Quando un medico decide di aumentare la quantità di soluzione fisiologica da iniettargli, applicando una flebo anche nell’altra mano, non il suo distacco, ma il suo contatto con la realtà diventa ormai un fatto irreversibile. La realtà passa da due vene aperte sul mondo: «l’infermiera prese la mia mano inerte con forza e la strinse affinché le vene si gonfiassero.
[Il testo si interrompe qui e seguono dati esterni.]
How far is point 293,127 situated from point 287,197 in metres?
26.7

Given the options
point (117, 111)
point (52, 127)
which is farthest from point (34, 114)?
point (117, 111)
Mi infilò l’ago una prima volta, ma non riuscì a prendere bene la vena, poi lo infilò una seconda volta e, senza fare caso ai miei lamenti e al dolore che mi aveva provocato, lo fissò al tubo e la soluzione fisiologica cominciò a scorrere nel mio corpo attraverso due vene contemporaneamente».
A Wannūs dobbiamo una incessante attività di ricerca e scrittura legata al teatro politico e di parola, ma anche una severa riflessione sullo statuto ambiguo delle loro immagini. Come ne Lo stupro (incluso nel libro di Jouvece), pièce che riflette l’irrompere drammatico sulla scena araba di una nuova entità politica, Israele, e il suo incrinarsi alla vigilia della prima Intifada. E dove – inevitabilemente, per uno spirito non dogmatico – lo sceneggiatore si trova costretto a mettere in gioco se stesso, i propri dubbi e si rimprovera la propria ambiguità, pur di non bluffare.
«Ho dovuto superare molti ostacoli», dichiara, «ho esitato molto prima di scrivere questo lavoro. Sapevo del rischio che correvo rischiando di cadere nell’ambiguità. Bisogna essere imparziali e riconoscere che dalla nostra parte le prigioni non sono né migliori, né peggiori, Tu credi che questi regimi, con le loro prigioni, ci rappresentino? La situazione è complicata e, per uscirne, bisogna intraprendere una lotta dura e complessa. Le trappole della storia possono essere evitate solo a caro prezzo». Un prezzo mai troppo alto, che non sempre abbiamo il coraggio di pagare.